Sociologist Alan Peterson is rather gloomy about the whole shift of responsibility from barely competent State to the overly burdened citizenry. “Making individuals responsible for testing (or ‘home-testing’) with RATs [rapid antigen tests], with little knowledge of when best and how to test, and the limitations of testing, leaves much scope for interpretation and error.”
The effectiveness of RATs, notably on the issue of picking up traces of Omicron, has also become a source of unwanted excitement. The US Food and Drug Administration did much to stir the pot with a statement released at the end of last December: “Early data suggests that antigen tests do detect the omicron variant but may have reduced sensitivity.”
With such hope vested in rapid antigen tests, there has been a run on the market. As with the initial problems with acquiring adequate mask fittings, supplies are snapped up at a moment’s notice. There have been price hikes of such order as to concern the Australian Competition and Consumer Commission (ACCC), with RATs retailing anywhere from AU$20 to $30 to an extortionate $AU70. (The wholesale costs for the tests range from $AU3.95 to AU$11.45.)

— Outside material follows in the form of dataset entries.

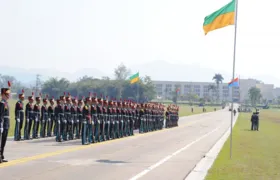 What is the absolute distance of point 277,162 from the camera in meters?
17.5

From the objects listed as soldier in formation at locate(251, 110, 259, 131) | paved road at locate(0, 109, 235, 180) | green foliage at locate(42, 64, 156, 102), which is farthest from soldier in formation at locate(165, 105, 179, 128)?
green foliage at locate(42, 64, 156, 102)

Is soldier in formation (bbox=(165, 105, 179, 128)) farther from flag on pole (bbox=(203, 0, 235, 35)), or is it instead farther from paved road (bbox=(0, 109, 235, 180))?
flag on pole (bbox=(203, 0, 235, 35))

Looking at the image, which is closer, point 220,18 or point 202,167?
point 202,167

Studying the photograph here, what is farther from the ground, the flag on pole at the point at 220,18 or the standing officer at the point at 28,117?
the flag on pole at the point at 220,18

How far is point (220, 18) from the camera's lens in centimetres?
1784

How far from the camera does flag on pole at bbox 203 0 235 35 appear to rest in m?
17.6

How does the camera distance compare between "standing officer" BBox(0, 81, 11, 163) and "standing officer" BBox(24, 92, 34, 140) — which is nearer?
"standing officer" BBox(0, 81, 11, 163)

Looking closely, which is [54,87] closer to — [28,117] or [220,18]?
[28,117]

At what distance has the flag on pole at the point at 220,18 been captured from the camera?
17609 millimetres

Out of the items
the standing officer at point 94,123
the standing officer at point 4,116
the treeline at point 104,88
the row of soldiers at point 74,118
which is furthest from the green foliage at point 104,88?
the standing officer at point 4,116

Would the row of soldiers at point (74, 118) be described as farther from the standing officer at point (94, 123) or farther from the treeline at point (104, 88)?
the treeline at point (104, 88)

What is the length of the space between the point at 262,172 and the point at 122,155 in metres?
4.78

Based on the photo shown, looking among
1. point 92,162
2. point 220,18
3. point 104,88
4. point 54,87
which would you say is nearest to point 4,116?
point 92,162

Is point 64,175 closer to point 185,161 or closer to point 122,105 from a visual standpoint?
A: point 185,161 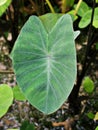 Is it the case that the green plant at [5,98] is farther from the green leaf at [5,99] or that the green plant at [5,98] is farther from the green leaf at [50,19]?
the green leaf at [50,19]

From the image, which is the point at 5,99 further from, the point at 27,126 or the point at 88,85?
the point at 88,85

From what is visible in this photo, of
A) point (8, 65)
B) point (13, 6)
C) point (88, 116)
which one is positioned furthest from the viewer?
point (8, 65)

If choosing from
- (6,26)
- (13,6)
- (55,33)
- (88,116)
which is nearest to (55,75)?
(55,33)

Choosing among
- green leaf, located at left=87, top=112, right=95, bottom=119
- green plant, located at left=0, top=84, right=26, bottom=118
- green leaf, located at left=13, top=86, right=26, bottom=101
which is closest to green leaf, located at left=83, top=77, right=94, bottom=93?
green leaf, located at left=87, top=112, right=95, bottom=119

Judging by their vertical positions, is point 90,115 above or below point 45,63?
below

In the United States, that hefty bosom of private enterprise, money is being made on bogus at-home testing kits. The FDA warned this month that “fake and unauthorized at-home testing kits are popping up online as opportunistic scammers take advantage of a spike in demand.”
Certain countries have averted that problem by imposing price caps and providing RATs gratis to the populace in massive numbers, but Australia, where a certain predatory will to extort the highest price for the most menial service reigns, the matter is more muddled. Hope can prove costly.